En deuxième lecture, votre rapporteur a plaidé pour rétablir le mécanisme de la création ponctuelle de sièges supplémentaires - choix unanime du Sénat - plutôt que la réaffectation privilégiée par le Gouvernement et l'Assemblée nationale. Parallèlement, il a invité votre commission spéciale à maintenir le nombre de sièges garantis à deux, comme le proposait l'Assemblée nationale, compte-tenu des atteintes au principe constitutionnel d'égalité devant le suffrage que pourrait porter un nombre plus élevé.

Souhaitant rappeler son attachement à une représentation minimale suffisante des départements les moins peuplées et qu'ainsi le critère territorial pouvait justifier une dérogation plus importante au critère démographique, votre commission spéciale a adopté un amendement de notre collègue Jacques Mézard qui, tout en maintenant le mécanisme de la réaffectation des sièges, fixe à cinq le nombre minimal garanti.

Votre commission a adopté l'article 7 ainsi modifié .

Article 8 Entrée en vigueur des dispositions relatives à l'élection des conseillers régionaux

Cet article fixe l'entrée en vigueur des dispositions du chapitre II du projet de loi - soit les articles 5, 6 et 7 - qui porte essentiellement sur l'élection des conseillers régionaux, lors du premier renouvellement général des conseils régionaux. En application de l'article 12 du présent projet de loi, ce scrutin devrait avoir lieu en décembre 2015.

En première lecture, avant de rejeter le texte, votre commission spéciale avait adopté un amendement rédactionnel de son rapporteur. En séance publique, à son initiative, le Sénat a opéré une coordination avec la suppression de l'article 1 er .

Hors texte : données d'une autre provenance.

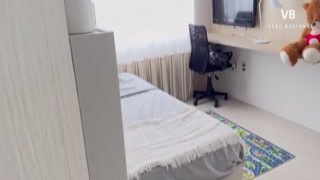 I caught my stepsons friend sniffing my lingerie and punished him with a hard, rough fucking, and taught him a valuable lesson about respecting other peoples things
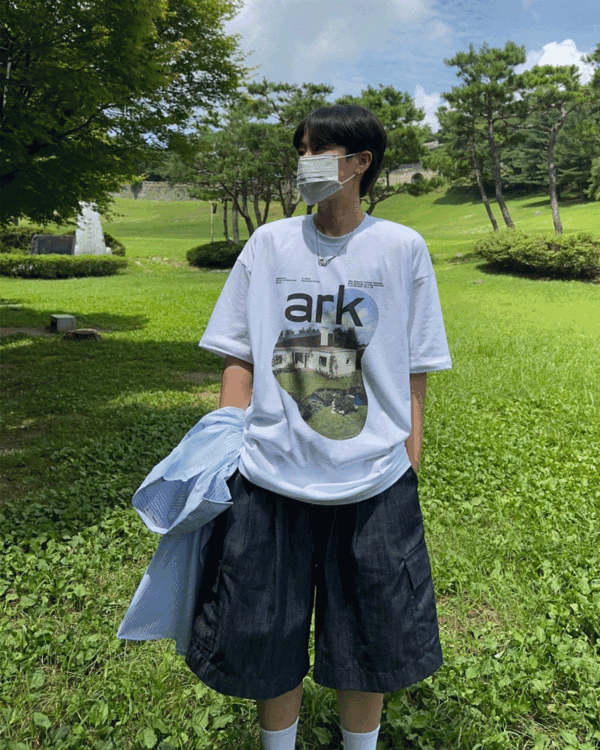Ark grass T-shirt (3color)
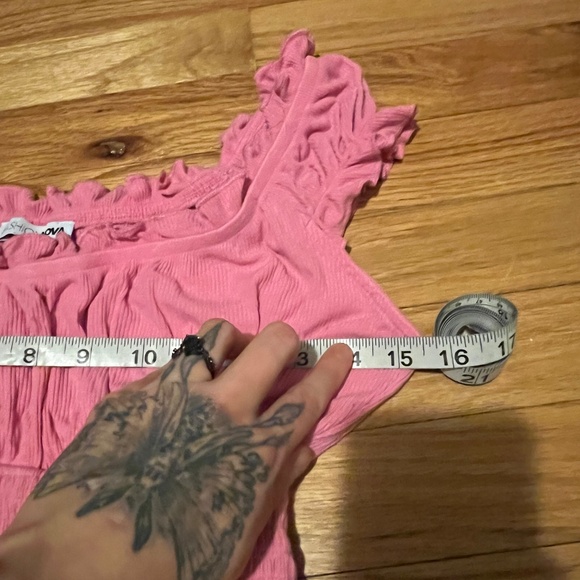 Fashion Nova barbie pink romper - Picture 8 of 9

La commission des lois de l'Assemblée nationale, sur proposition de son rapporteur, a rétabli la mention supprimée par le Sénat en cohérence avec le rétablissement de l'article 1 er .

Votre commission spéciale a adopté l'article 8 sans modification .


* 4 L'article L. 4135-6 du code général des collectivités territoriales détermine le taux maximal de l'indemnité d'un conseiller régional en fonction de la strate démographique à laquelle la région appartient.